### Stored data
---------------

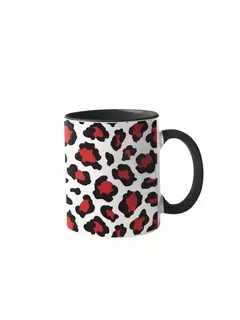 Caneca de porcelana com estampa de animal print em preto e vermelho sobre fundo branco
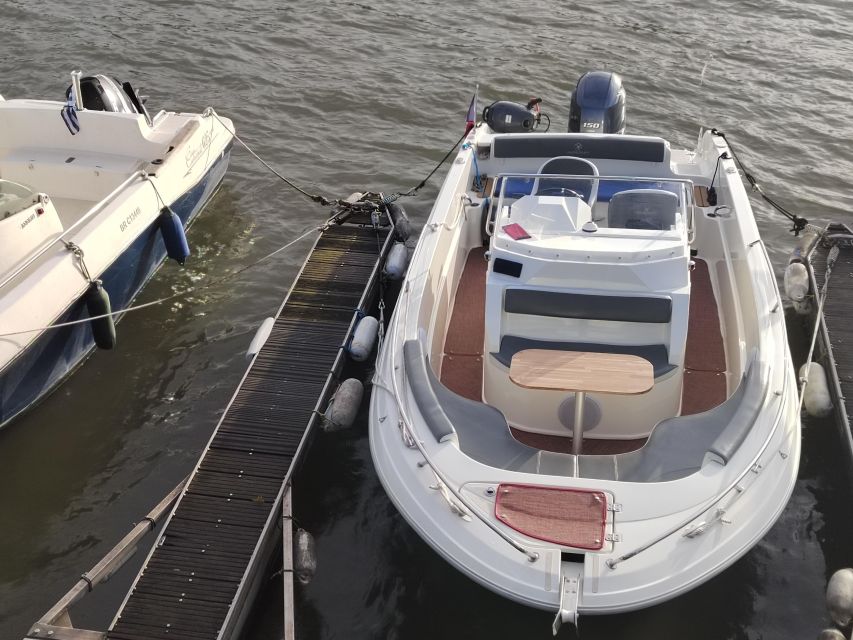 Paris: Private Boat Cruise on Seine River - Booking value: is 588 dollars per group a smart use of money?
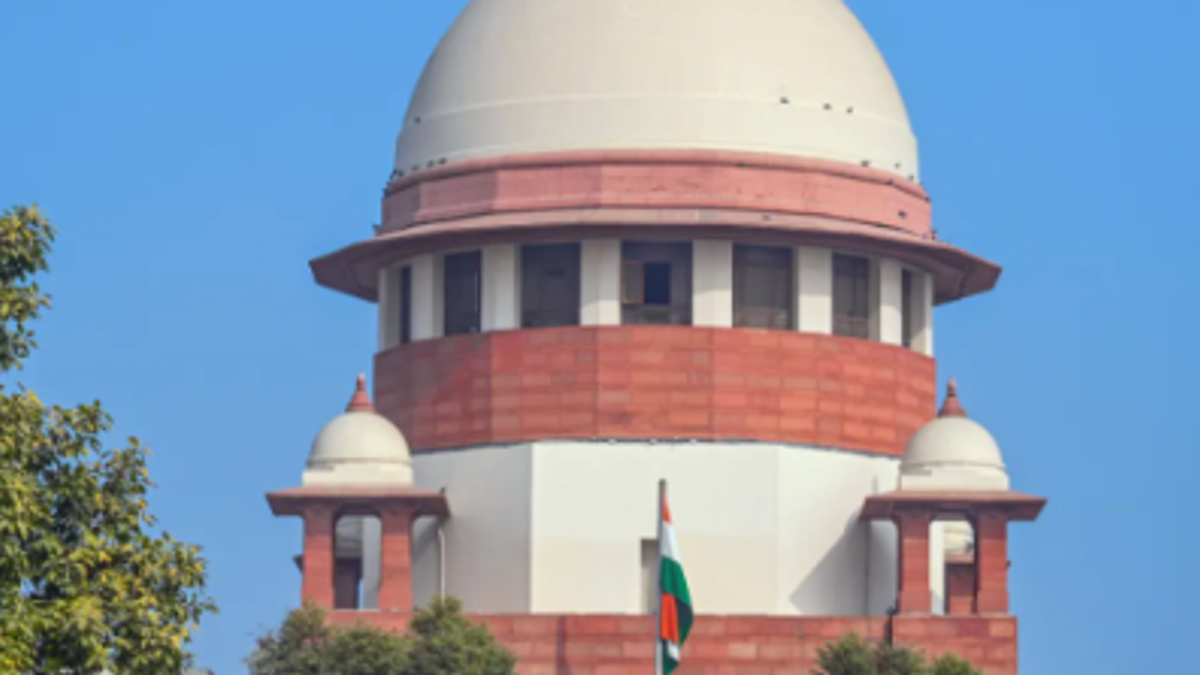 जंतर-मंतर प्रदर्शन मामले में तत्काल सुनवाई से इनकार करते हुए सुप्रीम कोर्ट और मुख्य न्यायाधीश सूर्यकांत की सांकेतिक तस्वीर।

---------------

### Work task
Copy every line above word for word and exclude the pictures.

### Answer space
 Caneca de porcelana com estampa de animal print em preto e vermelho sobre fundo branco
 Paris: Private Boat Cruise on Seine River - Booking value: is 588 dollars per group a smart use of money?
 जंतर-मंतर प्रदर्शन मामले में तत्काल सुनवाई से इनकार करते हुए सुप्रीम कोर्ट और मुख्य न्यायाधीश सूर्यकांत की सांकेतिक तस्वीर।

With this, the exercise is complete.